Sunday, January 13, 2008

Resurrection

Annie Dillard is one of my favorite authors. Check out this passage from her book Holy the Firm.

"One night a moth flew into the candle, was caught, burnt dry, and held. I must have been staring at the candle, or maybe I looked up when a shadow crossed my page; at any rate, I saw it all. A golden female moth, a biggish one with a two-inch wingspan, flapped into the fire, dropped her abdomen into the wet wax, stuck, flamed, frazzled and fried in a second. Her moving wings ignited like tissue paper, enlarging the circle of light in the clearing and creating out of the darkness the sudden blue sleeves of my sweater, the green leaves of jewelweed by my side, the ragged red trunk of a pine. At once the light contracted again and the moth’s wings vanished in a fine, foul smoke. At the same time her six legs clawed, curled, blackened, and ceased, disappearing utterly. And her head jerked in spasms, making a splattering noise; her antennae crisped and burned away and her heaving mouth parts crackled like pistol fire. When it was all over, her head was, so far as I could determine, gone, gone the long way of her wings and legs. Had she been new, or old? Had she mated and laid her eggs, had she done her work? All that was left was the glowing horn shell of her abdomen and thorax – a fraying, partially collapsed gold tube jammed upright in the candle’s round pool.

And then this moth-essence, this spectacular skeleton, began to act as a wick. She kept burning. The wax rose in the moth’s body from her soaking abdomen to her thorax to the jagged hole where her head should be, and widened into flame, a saffron-yellow flame that robed her to the ground like any immolating monk. That candle had two wicks, tow flames of identical height, side by side. The moth’s head was fire.

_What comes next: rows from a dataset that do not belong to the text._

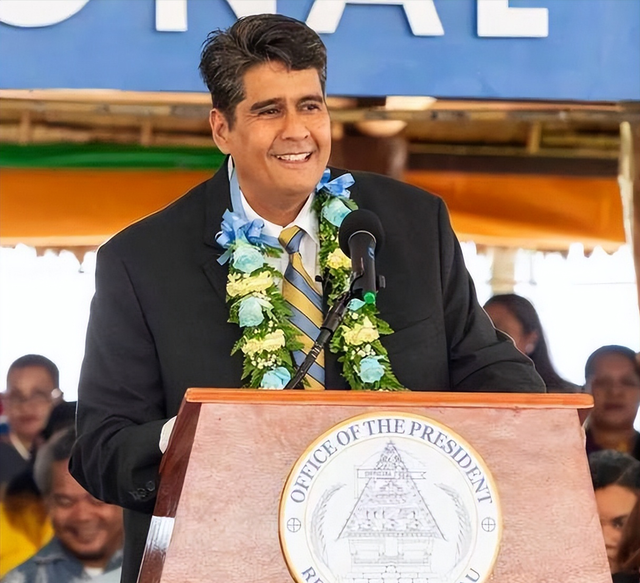 一年赚大陆游客14亿！转投美澳后竟拒接中国航班，该国现状如何？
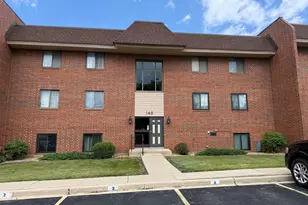 140 E Fountainview Ln, Lombard, IL 60148 - Photo 1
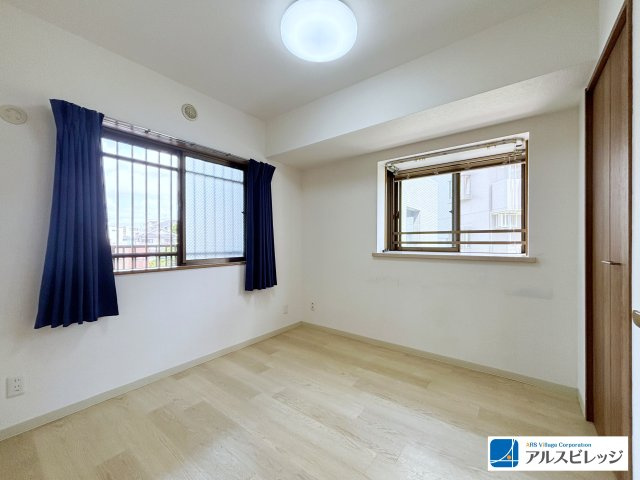 キャッスルメジェール西みずほ台壱番館の洋室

She burned for two hours, until I blew her out.

She burned for two hours without changing, without bending or leaning – only glowing within, like a building fire glimpsed through silhouetted walls, like a hollow saint, like a flame-faced virgin gone to God, while I read by her light, kindled, while Rimbaud in Paris burnt out his brains in a thousand poems, while night pooled wetly at my feet."

1 comment:

imngrace said...

I came across your blog by way of another. As a fellow discerner, I'm wondering where you're at with your discernment about the ministry. I'm in a similar situation as I await assignment process in the Lutheran process. Prayers for your process and discernment and thanks for this post. I love Annie Dillard, too.